This lighthearted Neil Simon comedy, which premiered on Broadway in 1981, tells the story of Leon Tolchinsky, a bright, young teacher who has been assigned to instruct an enchanting woman named Sophia Zubritsky. What makes this assignment strangely unique is that Sophia, as well as everyone else in the town of Kulyenchikov, has been cursed with a cruel hex that has made her utterly incompetent--all at the hands of the evil Count Gregor Yousekevitch. Tolchinsky takes a deep interest in his charismatic pupil, but is soon warned that if he doesn’t teach her to use her intellect in the subsequent 24 hours, then the town's curse will never be lifted. Rushed and in love, Tolchinsky seizes the opportunity to help out in the peculiar situation.

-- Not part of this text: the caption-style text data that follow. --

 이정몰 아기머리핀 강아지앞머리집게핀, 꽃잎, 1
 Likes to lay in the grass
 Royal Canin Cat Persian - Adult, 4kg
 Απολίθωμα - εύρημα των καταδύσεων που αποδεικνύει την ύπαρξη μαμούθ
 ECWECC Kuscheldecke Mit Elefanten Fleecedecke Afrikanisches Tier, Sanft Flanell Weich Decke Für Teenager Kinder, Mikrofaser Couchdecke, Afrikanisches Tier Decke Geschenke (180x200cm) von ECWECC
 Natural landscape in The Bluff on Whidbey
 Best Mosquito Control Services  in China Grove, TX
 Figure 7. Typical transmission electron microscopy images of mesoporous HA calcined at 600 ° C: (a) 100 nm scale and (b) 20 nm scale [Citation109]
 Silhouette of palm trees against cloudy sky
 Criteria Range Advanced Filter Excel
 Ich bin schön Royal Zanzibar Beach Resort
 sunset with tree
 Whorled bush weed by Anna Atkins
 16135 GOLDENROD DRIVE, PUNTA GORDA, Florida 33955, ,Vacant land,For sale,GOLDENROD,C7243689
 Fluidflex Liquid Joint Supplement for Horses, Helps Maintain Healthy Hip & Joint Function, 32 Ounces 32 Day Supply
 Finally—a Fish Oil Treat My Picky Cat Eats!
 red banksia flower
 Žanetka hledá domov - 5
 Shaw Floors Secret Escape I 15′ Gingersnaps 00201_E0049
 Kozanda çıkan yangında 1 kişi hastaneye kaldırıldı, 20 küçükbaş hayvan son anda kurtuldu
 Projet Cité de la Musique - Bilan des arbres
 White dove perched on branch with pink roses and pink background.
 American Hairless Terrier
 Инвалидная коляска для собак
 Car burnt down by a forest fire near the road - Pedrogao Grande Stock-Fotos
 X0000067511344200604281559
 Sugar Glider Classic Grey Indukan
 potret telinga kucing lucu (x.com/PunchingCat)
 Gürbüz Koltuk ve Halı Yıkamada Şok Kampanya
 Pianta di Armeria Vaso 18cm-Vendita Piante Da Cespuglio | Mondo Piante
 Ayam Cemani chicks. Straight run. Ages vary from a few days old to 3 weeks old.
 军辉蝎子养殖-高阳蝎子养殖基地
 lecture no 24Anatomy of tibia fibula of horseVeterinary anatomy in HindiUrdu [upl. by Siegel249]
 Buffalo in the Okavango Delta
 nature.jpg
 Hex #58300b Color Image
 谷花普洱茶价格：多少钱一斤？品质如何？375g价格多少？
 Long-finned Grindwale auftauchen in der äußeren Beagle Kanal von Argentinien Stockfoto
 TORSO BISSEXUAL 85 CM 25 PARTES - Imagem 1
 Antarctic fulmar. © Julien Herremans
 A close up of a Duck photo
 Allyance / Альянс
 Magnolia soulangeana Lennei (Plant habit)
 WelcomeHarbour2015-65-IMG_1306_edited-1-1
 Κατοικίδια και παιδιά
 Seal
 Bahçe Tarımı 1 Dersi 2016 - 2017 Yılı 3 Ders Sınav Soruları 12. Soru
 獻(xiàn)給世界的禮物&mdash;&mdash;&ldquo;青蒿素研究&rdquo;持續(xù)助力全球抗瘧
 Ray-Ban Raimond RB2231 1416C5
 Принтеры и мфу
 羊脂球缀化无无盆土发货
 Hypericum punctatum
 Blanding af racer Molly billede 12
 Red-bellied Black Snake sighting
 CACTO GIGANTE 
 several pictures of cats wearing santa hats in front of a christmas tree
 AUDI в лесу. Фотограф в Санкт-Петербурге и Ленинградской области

A majority of the actors in this production gave stellar portrayals of their madcap characters and kept their high energy level throughout the entire performance. Although some of the members of the ten person cast had trouble with speed and clarity, all the actors brought an engaging presence to the show that helped with the overall fluidity.

Matthew Mirliani gave a stirring performance as the dedicated and affectionate Leon Tolchinsky. His steadfast expressiveness added to his warm persona, and he had specific mannerisms that made his depiction of the bright young schoolteacher all the more believable. Mirliani had great projection, and because of his touching delivery, he was easily able to keep the audience’s attention. Sibet Partee played Sophia Zubritsky, Leon’s alluring love interest. Partee was fully able to show the ditzy, thoughtless side of her character, but also had the talent of showing her character’s true, inner melancholy.

Virginia Coffield wowed the audience by using her rich comedic chops while portraying Sophia’s mother Lenya. Coffield has the natural confidence and flawless comedic timing of an experienced professional well beyond her age. With her charm and exuberance, no pun or punch line was left without a laugh. She added vigor and jests to some otherwise dull scenes, and quickly became a standout amongst the cast.

The set designers, Marena Anderson, Katy Jones-Powe, and Grace Montgomery, cognizant of their small stage, designed a house using panels that could be reversed and transformed into a market place. The bright colors and large, wonderfully painted set pieces emphasized the beauty of Kulyenchikov. The cherry on top of a pleasing presentation was the pianist Heather McPherson, who played her original music during the show, adding additional jollity in the background of scenes.

There were funny characters, hilarious situations, and a lesson to be learned in St. Stephen’s & St. Agnes’s production of “Fools”: stop at nothing in your pursuit of love. Who knew such a comical play could have such meaning?